→ What to produce: An exact reproduction of the listing is wanted, with the pictures dropped.

Start of Dataset excerpt

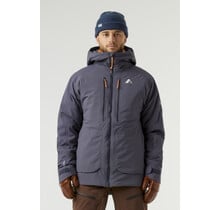 Orage Mens Alaskan Insulated Jacket (24/25) Dark Steel Blue-B157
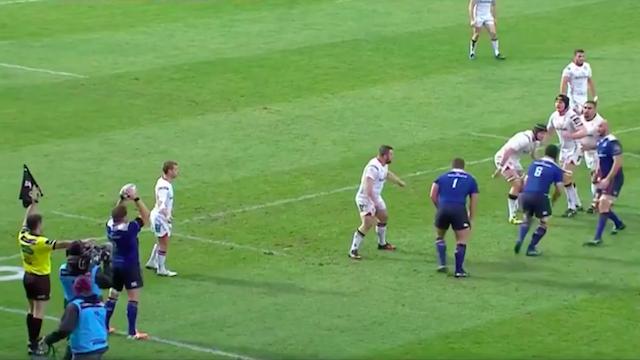 VIDEO. Insolite : Le Leinster régale avec une combinaison en touche sublime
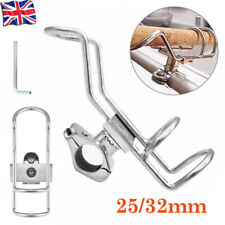 316 Stainless Steel Fishing Rod Holder Rail Mount 25mm/32mm Dia. Marine Boat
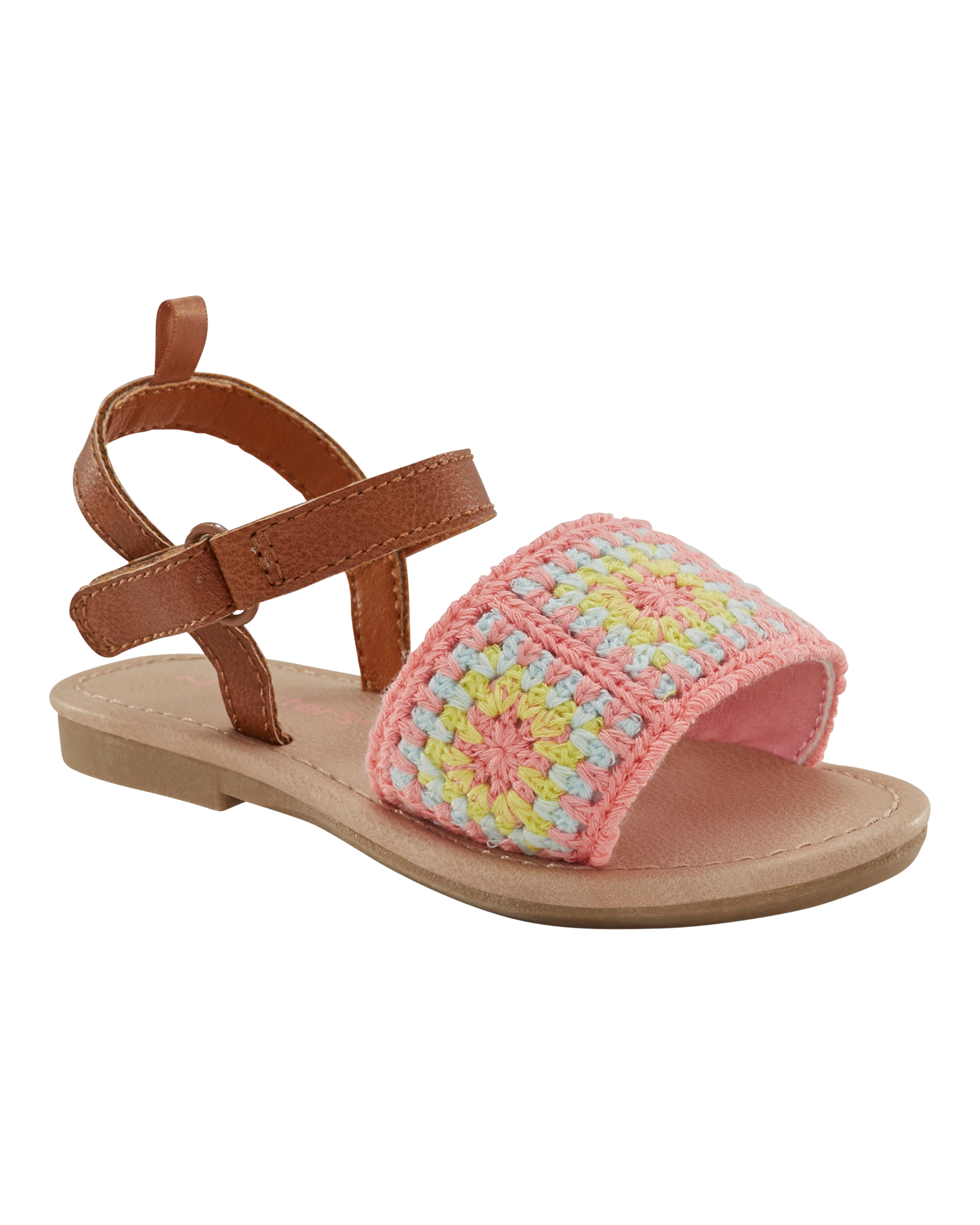 Toddler Crochet Sandals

End of Dataset excerpt

→ Result below:
 Orage Mens Alaskan Insulated Jacket (24/25) Dark Steel Blue-B157
 VIDEO. Insolite : Le Leinster régale avec une combinaison en touche sublime
 316 Stainless Steel Fishing Rod Holder Rail Mount 25mm/32mm Dia. Marine Boat
 Toddler Crochet Sandals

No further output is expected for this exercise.